MATA INDONESIA, JAKARTA-Tujuh tentara, 35 warga sipil dan 80 militan meninggal dunia usai terjadi bentrok di pangkalan militer Burkina Faso, Afrika Barat. Angkatan bersenjata setempat menyampaikan hal itu pada Selasa 24 Desember 2019, dalam serangan terbaru sejak kekerasan dimulai pada 2015.
Dilansir dari AFP, Kepala Staf Angkatan Darat dalam sebuah pernyataan mengatakan serangan di pangkalan Arbinda itu melibatkan lebih dari 100 gerilyawan dengan sepeda motor dan berlangsung beberapa jam.
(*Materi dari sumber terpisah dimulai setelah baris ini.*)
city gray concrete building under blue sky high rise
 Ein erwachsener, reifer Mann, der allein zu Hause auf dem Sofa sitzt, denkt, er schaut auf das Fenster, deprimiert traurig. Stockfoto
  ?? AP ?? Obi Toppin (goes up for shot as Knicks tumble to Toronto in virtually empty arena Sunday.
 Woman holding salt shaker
Insiden itu juga menewaskan 35 warga sipil.
Pemberontakan militan dari Mali, serangan gerilyawan, bom bunuh diri dan ranjau darat telah menewaskan ratusan orang.
Peran militer Prancis di kawasan itu dipertanyakan di negara-negara Sahel baru-baru ini ketika serangan jihadis meningkat.
Presiden Mali mengatakan hubungan antara Perancis dan negara-negara Sahel harus terhormat, menyusul ketegangan baru-baru ini mengenai peran mantan kekuatan kolonial di wilayah tersebut.
Berbicara kepada televisi Prancis, Presiden Ibrahim Boubacar Keita mengatakan aliansi militer G5 Sahel -yang terdiri dari Mali, Burkina Faso, Niger, Mauritania, dan Chad- akan menyampaikan pesan itu pada pertemuan di Prancis pada 13 Januari.
Sebelumnya teror penembakan juga terjadi di Burkina Faso. Empat orang yang sedang mengikuti prosesi keagamaan tewas karena diberondong peluru oleh orang tidak dikenal pada Mei lalu.
Insiden itu terjadi ketika kegiatan parade dengan mengusung patung Bunda Maria di Kota Ouahigouya. Menurut penuturan saksi, para terduga teroris itu terlebih dulu memisahkan anak-anak dari rombongan, lantas mengeksekusi orang dewasa.